We start by parsing off headers for whoever’s interested (joystick nav? Onscreen display?). Once the Parsing Unit splits the FLAC file into blocks (& subblocks per each channel), the appropriate handler is dispatched to the Output Unit, Arithmetic Core, or multiply-adder to:
- Predict the samples.
- Add in “residuals”.
- Mix the channels.
The Output Unit can handle uncompressible whitenoise or trivially compressible near-silence itself. Aside from those, Linear Prediction multiply-sums the last N samples by factors in the file. This can be handled by the multiply-adder.
Some of those polynomials are common enough that they can be concisely called up by a FLAC file, & those are trivial enough we can let our Arithmetic Core handle them.
In theory 64 multiply-adds per sample might not be enough for degenerate FLAC files (especially taking account later stages), but I sincerely doubt these occur in the wild. And the Arithmetic Core could perform a couple of those multiply-adds itself, it’d just be a little slow at it!
As for inevitably incorrect predictions… They’re almost-always close to correct, so to encode the minor corrections we use “Rice codes”. Take a configurable number of bits as the initial value & count up the number of trailing ones to encode the rest of the number. Our hypothetical Parsing Unit’s bitwise-mode combined with the Arithmetic Core can trivially handle this! These values are added to the output sample for the channel, tweaking future predictions.
Finally in stereo recordings there’s plenty of duplicate data between the 2 channels, so FLAC standardizes a choice of some trivial arithmetic (which our multiply-adder or even our Arithmetic Core can perform) to remove most of that redundancy between the 2 channels. If the file contains more than 2 channels… I might not be able to justify having enough grunt in our hypothetical hardware to decompress them all live!

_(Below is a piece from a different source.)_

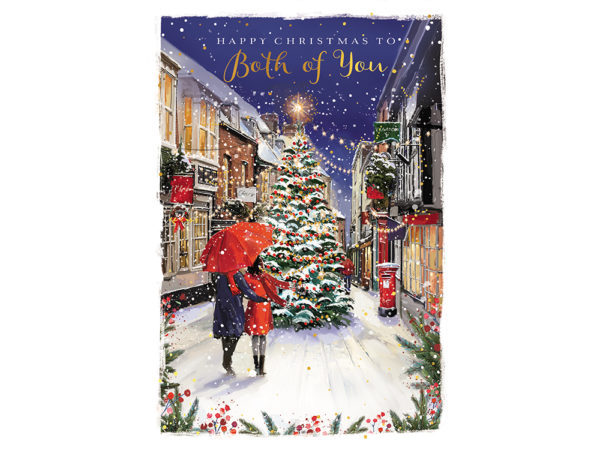 Illustrated design of a couple standing in front of a Christmas tree, holding an umbrella during a snowy evening.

Resampling, etc might be required, just like for WAV!
The Quite OK Audio format is a simple & fast lossy codec by a software developer Dominic Szablewski exploring the broader space of compression technology. Using Linear Predictive Codes, like FLAC uses but lossy.
We’d implement it by having the Parsing Unit extract the metadata (which I think this aspect of the spec needs to be proofread to avoid complicated edgecases Dominic appears to be unaware of) & lookup the “residuals” to be fed into the multiply-adder alongside 4 “history” & “weights” parsed out of that metadata. The Arithmetic Core would finalize the 4bit “quantized scalefactor”.
Again resampling, etc might be required.